The method was adopted to evaluate the extract for possible centrally mediated analgesic effect MacDonald et al. . The central analgesic drug, pentazocine was therefore used as reference drug. The ability of the extract to prolong the thermally induced pain reaction time in mice suggested central analgesic activit. The results of the anti-inflammatory activity showed that A. africanus have significant anti-inflammatory activity on carrageenan induced inflammation when compared with control which showed progressive increase in the paw circumference of the rats. The activity was significant and dose dependent in the 3rd hour post injection of the inflammatory agent.

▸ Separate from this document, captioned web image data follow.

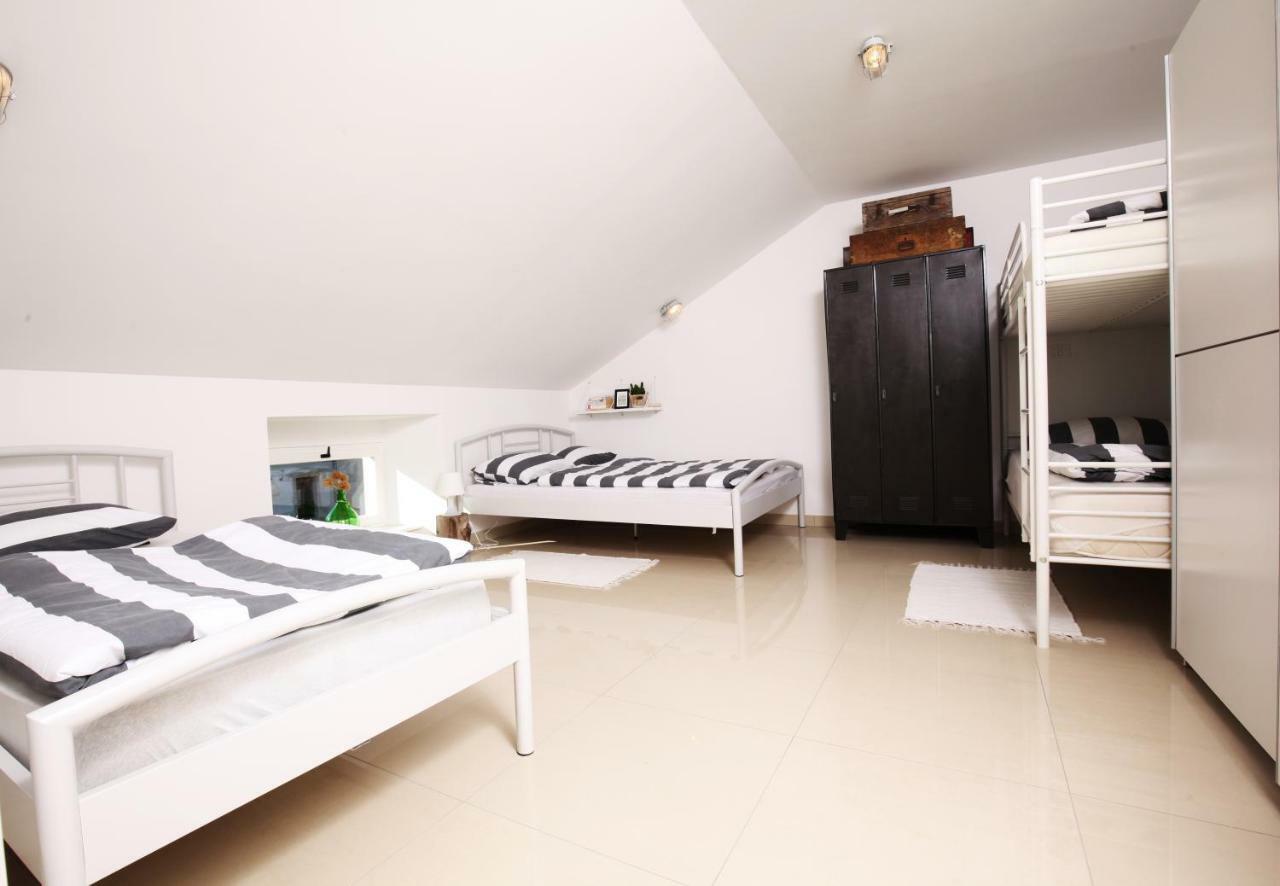Eagle'S Nest Hostel Postojna Ngoại thất bức ảnh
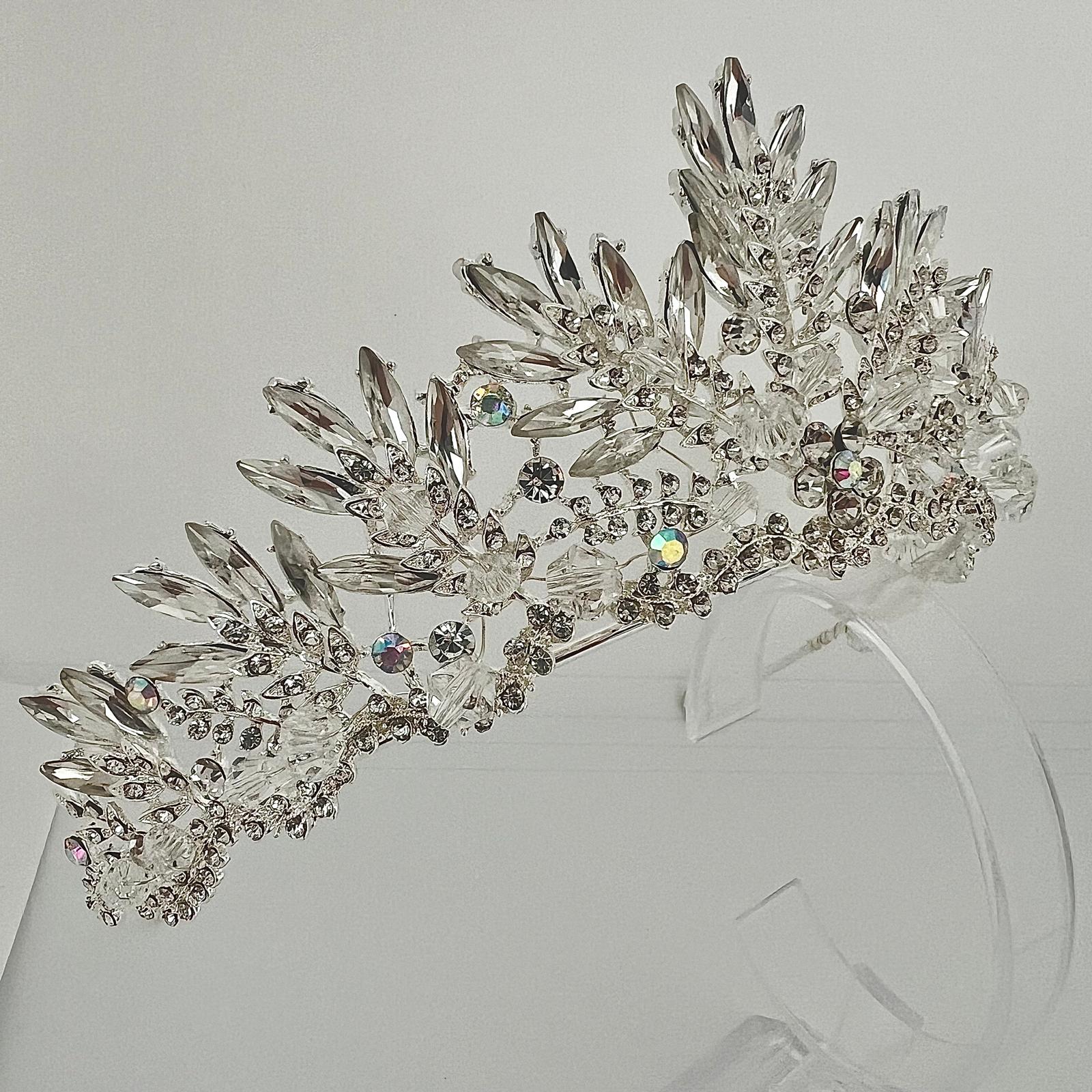  Diadem in Silber mit changierenden Strasssteinen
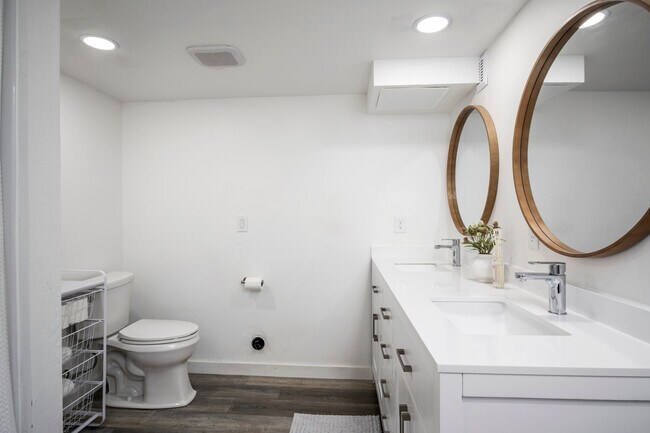 basement double sink with tub/shower - 537 N Mountain Peak Dr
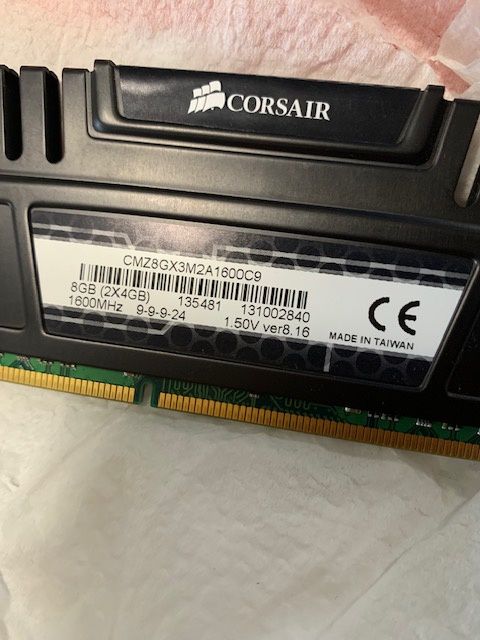 Vendo RAM corsaair 12g 3 pentes de 4g
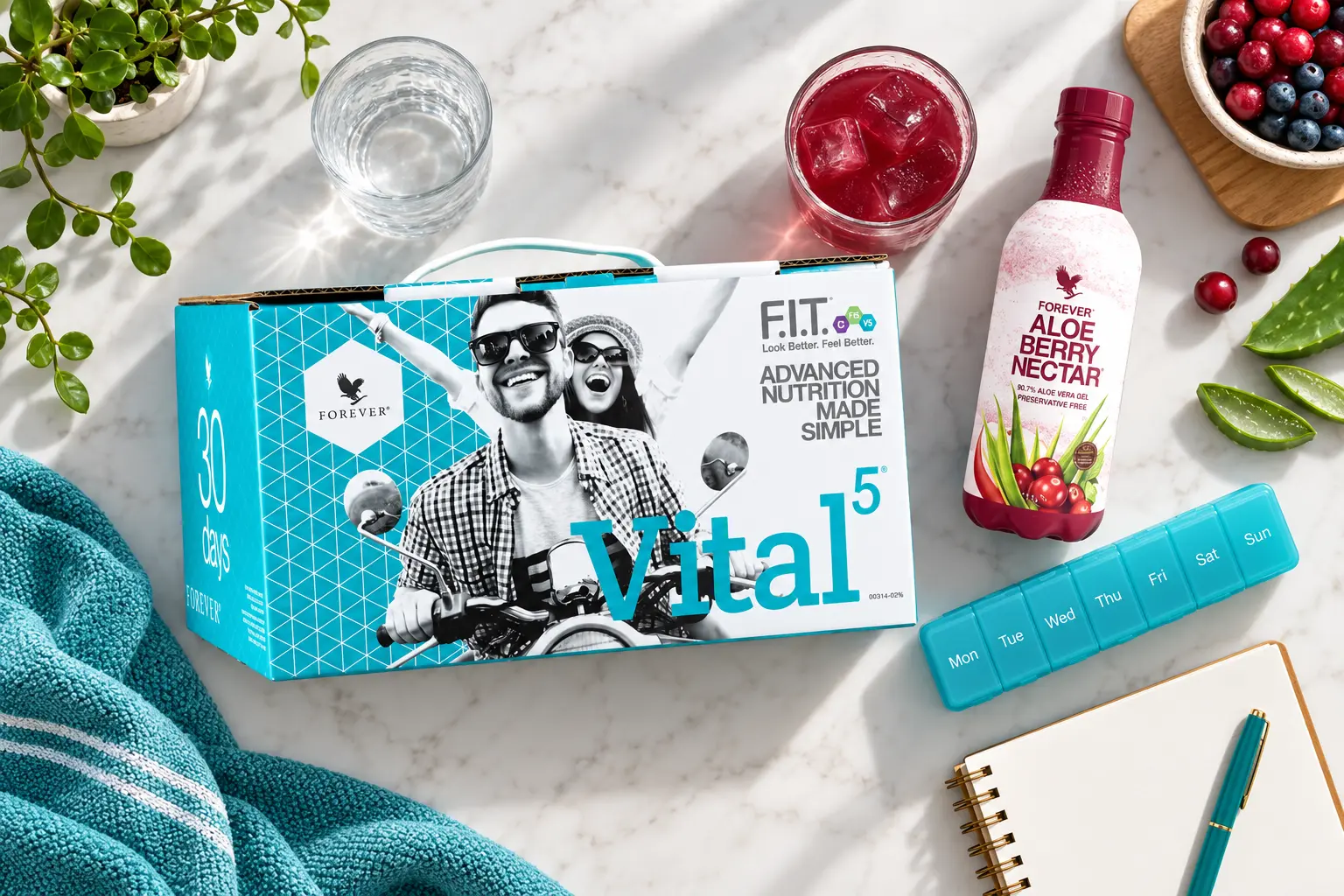 Vital5 s Aloe Berry Nectar v produktovej a každodennej scéne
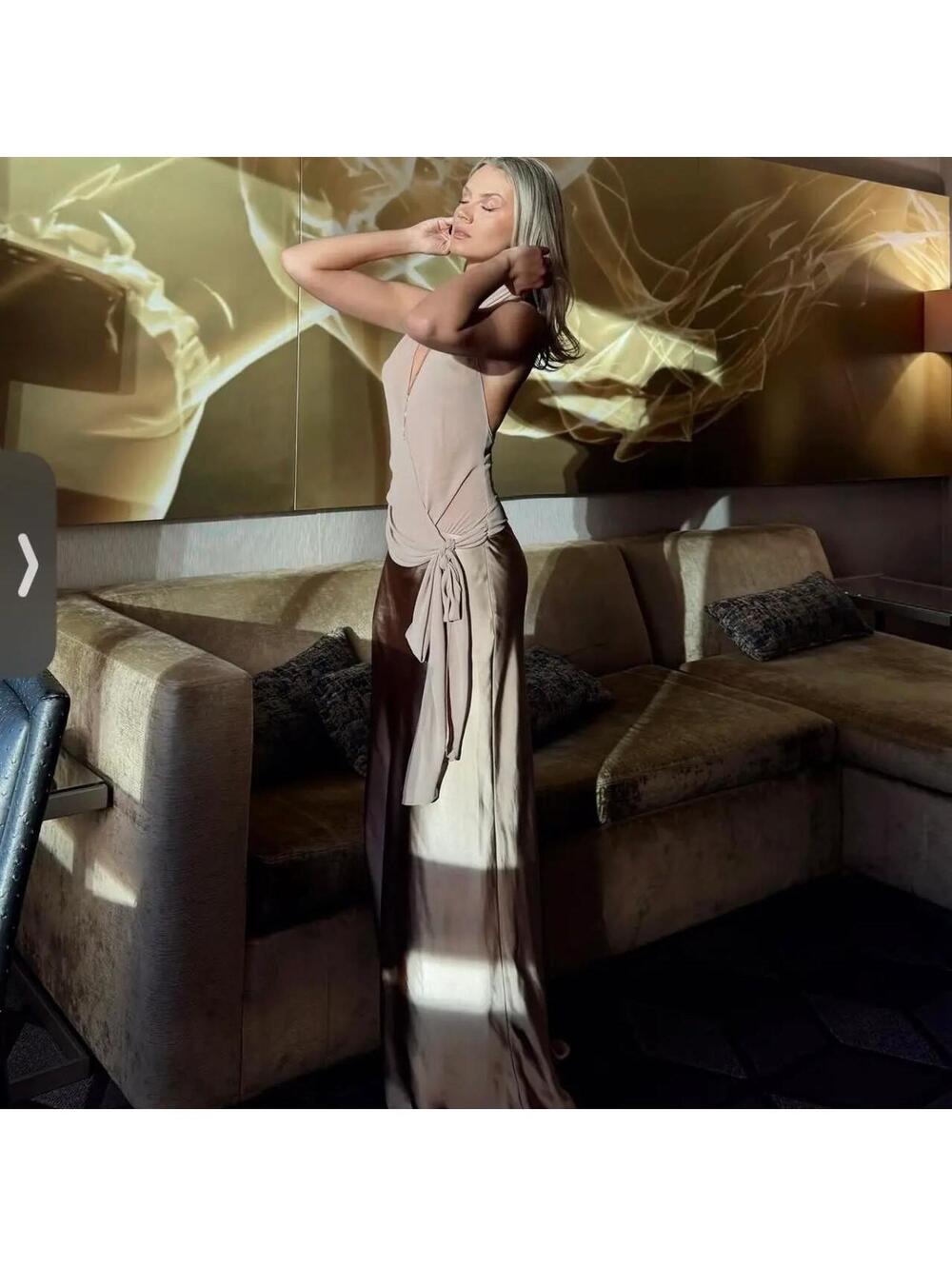 LPA Nyla Gown Size S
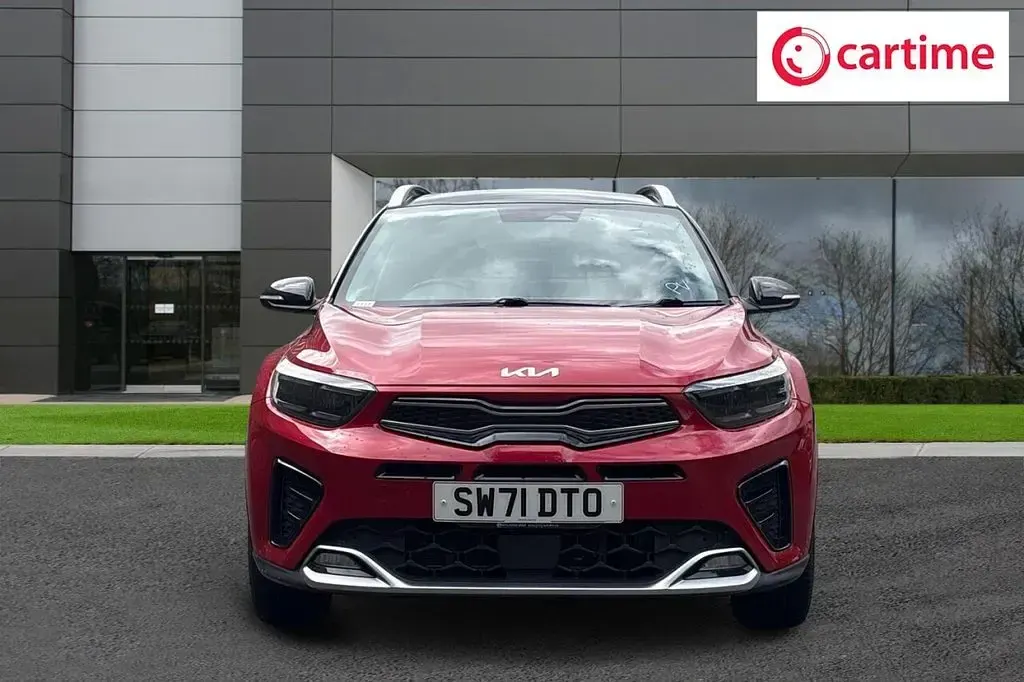 Used Kia Stonic GT-Line S 118 HP (86 kW) 2022 Red SUV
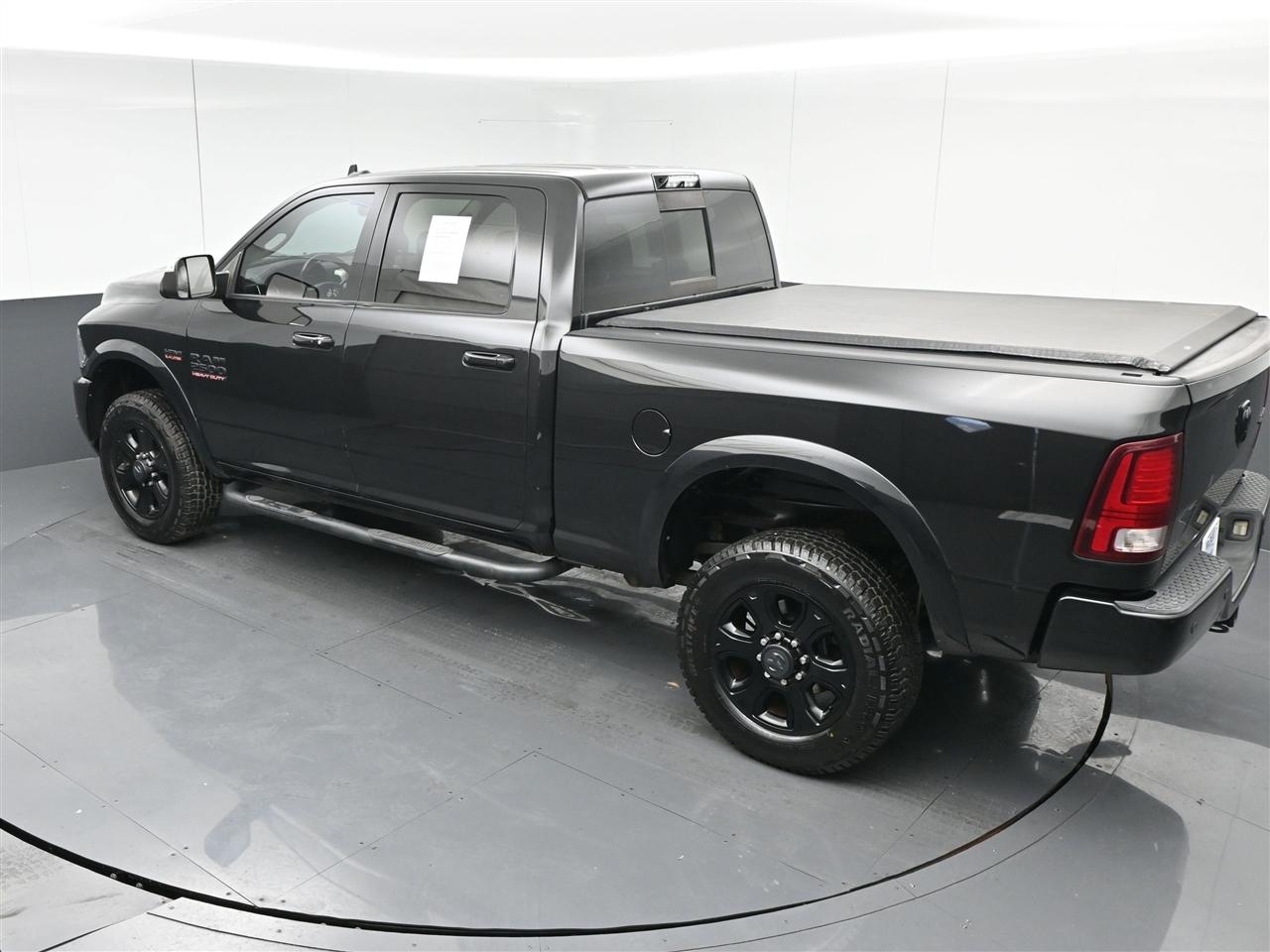 RAM 2500 Laramie Crew Cab SWB 4WD 2017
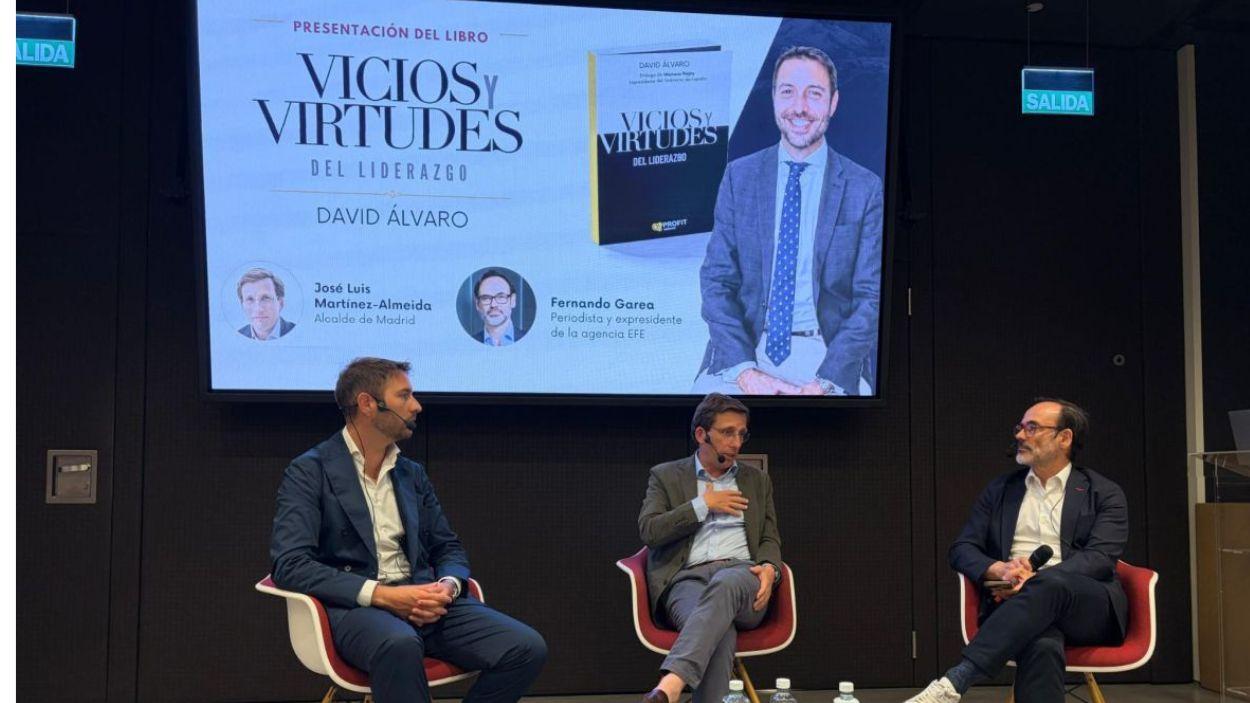 El alcalde de Madrid, José Luis Martínez Almeida, y el periodista Fernando Garea acompañaron al autor David Álvaro en el acto celebrado en Havas Village Madrid. EP.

Carrageenan – induced inflammation is believed to be biphasic- the early phase (1-2 hours) which is mainly mediated by histamine, serotonin and increased prostaglandin release and the late phase (2-5 hours) mediated by bradykinin, polymorphonuclear cells, leukotrienes and prostaglandins produced by macrophages in the tissue Brito, et al. . The extract showed inhibitory effect on the carrageenan –induced inflammation at the end of the 3rd hour which is similar to the effect of most non-steroidal anti-inflammatory drugs. This suggests that the activity of the extract is in the later phase, which could be due to arachidonic acid metabolites leading to oedema dependent on neutrophils mobilizatio. This suggests that methanolic extract of A.africanus has anti-inflammatory effect and would be useful in managing inflammatory pain.
The work concludes that leave extract of A. africanus has potential analgesic and anti-inflammatory activities. The above results support the folkloric uses of A. africanus for treating various forms of pains and inflammatory conditions such as rheumatism, arthritis and fever by traditional medicine practitioners in Northern Nigeria. Further studies is however necessary to establish the probable mechanism of action for the analgesic and antiinflammatory activities and to isolate the bioactive compounds responsible for the activities.
The authors wish to acknowledge the contribution of the laboratory staff of the Department of Pharmacology and Therapeutics in carrying out the screening for analgesic and antiinflammatory activities.